In D.03-06-071 and D.04-06-013, we provided that during their initial RPS procurement the utilities would consider the entire cost of a transmission upgrade in ranking the RPS projects that would use the upgrade. In D.04-06-013, we expressed concerns with this approach:
We are concerned, in particular, that allocating the entire cost of a large transmission upgrade to the projects that have bid in response to one year's procurement solicitation does not take into account that, in some areas, the most cost-effective transmission upgrade may be large enough to accommodate more than one year's bidders. Considering the entire cost in assessing one year's bids may make it difficult for such projects to ever win the bid or for the needed transmission upgrade to be built. (D.04-06-013, mimeo. at 35-36.)
In D.04-06-010 issued contemporaneously with D.04-06-013, we instructed the Tehachapi study group to examine the use of triggers for the construction of phased transmission upgrades in that region. Recognizing the potential development of construction triggers, we stated in D.04-06-013 that:
[I]t may be desirable to reflect costs of a large transmission upgrade on a pro rata basis in the rank ordering of individual bids if a trigger mechanism has been adopted for construction of the transmission upgrade and sufficient bids have been received to initiate construction of the upgrade consistent with the trigger mechanism. We plan to explore whether these or other approaches could be adopted to improve the application of transmission cost adders in areas with large renewable resource potential. (Id., at 36.)

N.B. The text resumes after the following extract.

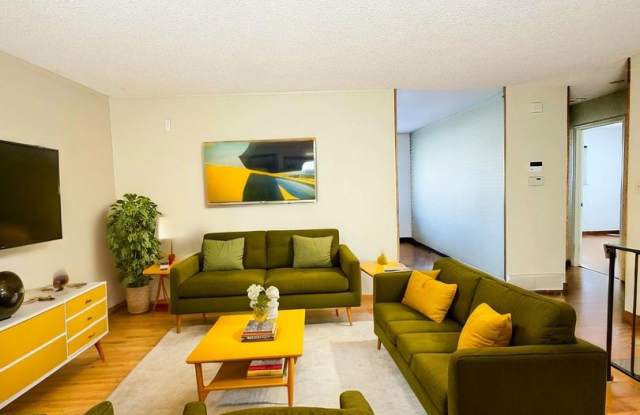 4 bedroom home with fenced back yard! photos photos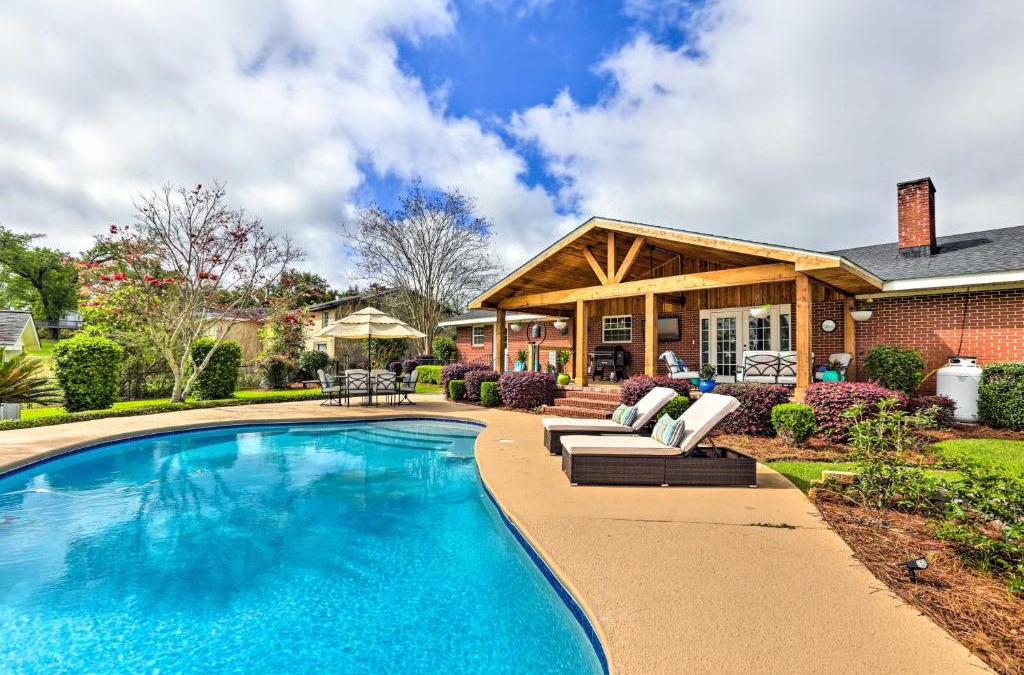 Marianna House | Sunny Florida Abode - Patio, Pool, and Fire Pit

CEERT and CalWEA continue to assert that, for major renewables-related transmission expansions, transmission adders should be limited to each project's proportional share of the total upgrade cost based on project size compared to the capacity of the upgrade. We agree that waiting to adopt such an allocation mechanism until after a construction trigger has been adopted for a proposed transmission upgrade, as contemplated in D.04-06-013, could needlessly delay development of least-cost RPS projects. A more expedient approach, which we adopt, is to assign the costs of large transmission upgrades that would be used by more than one RPS project on a pro rata basis for purposes of bid evaluation, commencing with the 2005 procurement. This pro rata allocation of transmission upgrade costs for bid evaluation purposes should be based on generator output, as reflected in generation profiles submitted by the project proponent, compared to the transfer capacity that would be added by a proposed upgrade. As SCE suggests, this pro rata allocation of upgrade costs should be applied only if sufficient renewables potential exists, as identified by the CEC, to fully utilize the transmission facility sometime in the future.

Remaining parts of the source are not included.